Image-text web data
---+---
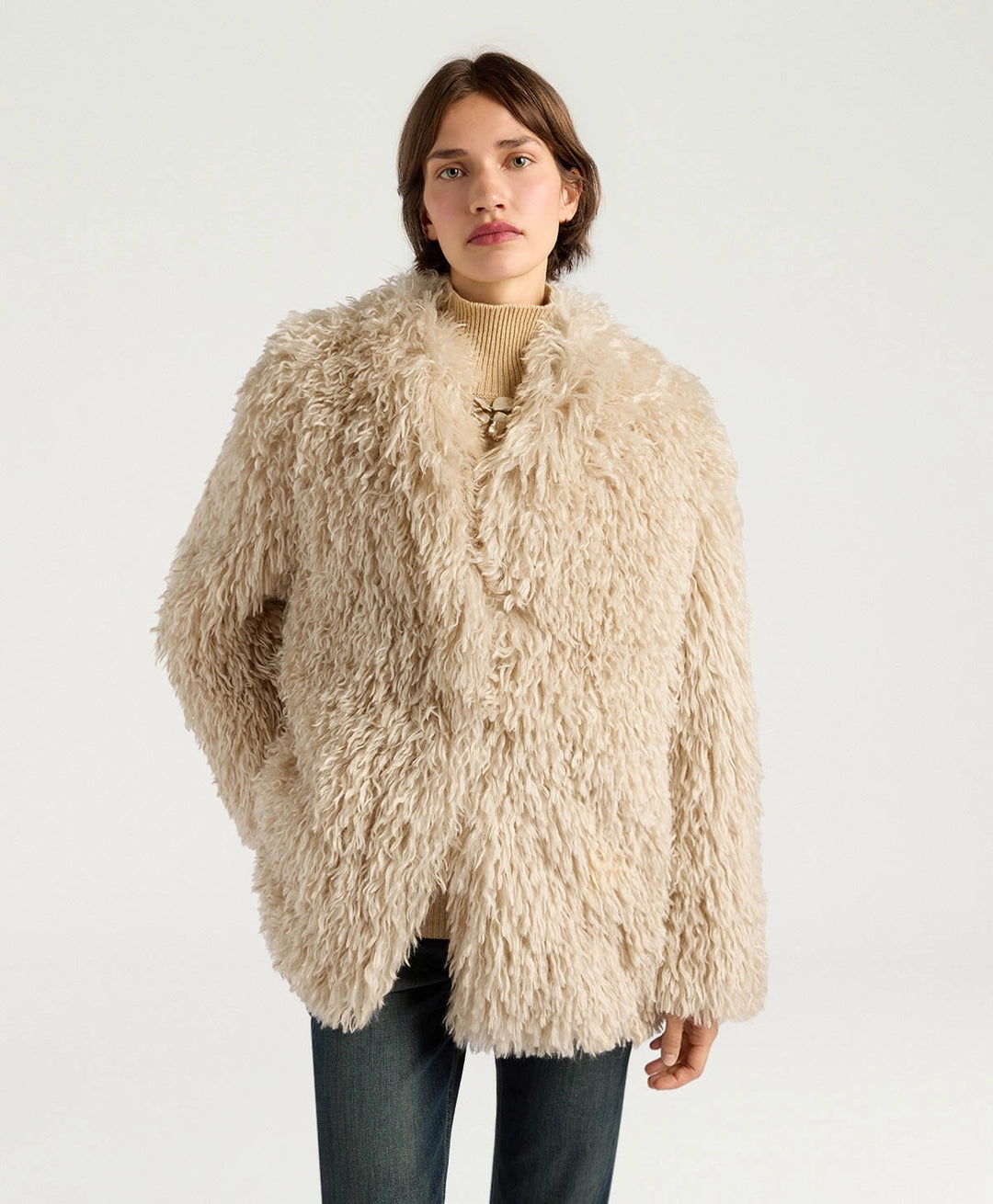CHLOE COAT IN ECO-LEATHER - CREAM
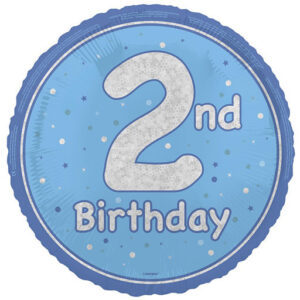 Unique 18 inch 2nd Birthday Blue Glitz Foil Balloon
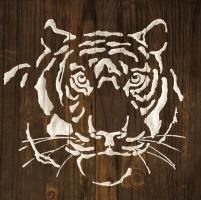 White Tiger on Dark Wood #50038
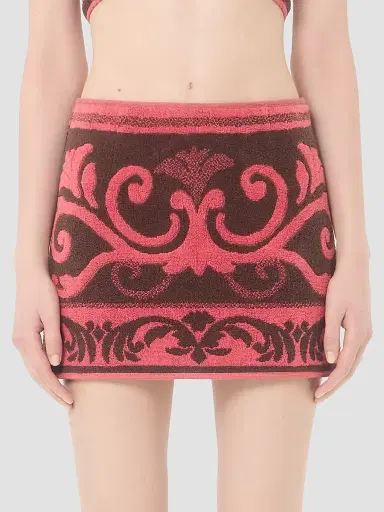 Valentino Garavani Women's Terry Cloth Skirt - Chocolate Coral | Thumbnail 3 Valentino Garavani Women's Terry Cloth Skirt - Chocolate Coral | Thumbnail 3
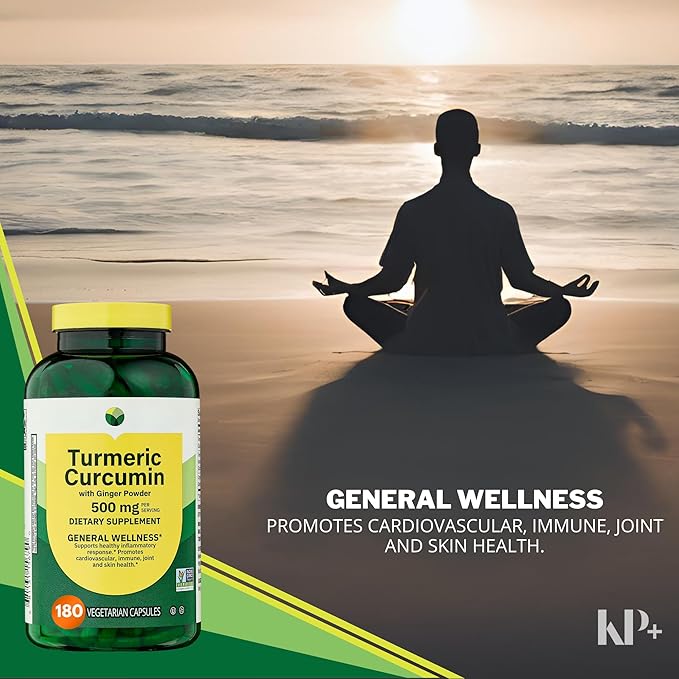 KP+ Turmeric Curcumin with Ginger Powder | 500 mg Dietary Supplement | General Wellness | 180 Vegetarian Capsules | Pack of 2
---+---
Please return all of the entries word for word, excluding the pictures.

CHLOE COAT IN ECO-LEATHER - CREAM
 Unique 18 inch 2nd Birthday Blue Glitz Foil Balloon
 White Tiger on Dark Wood #50038
 Valentino Garavani Women's Terry Cloth Skirt - Chocolate Coral | Thumbnail 3 Valentino Garavani Women's Terry Cloth Skirt - Chocolate Coral | Thumbnail 3
 KP+ Turmeric Curcumin with Ginger Powder | 500 mg Dietary Supplement | General Wellness | 180 Vegetarian Capsules | Pack of 2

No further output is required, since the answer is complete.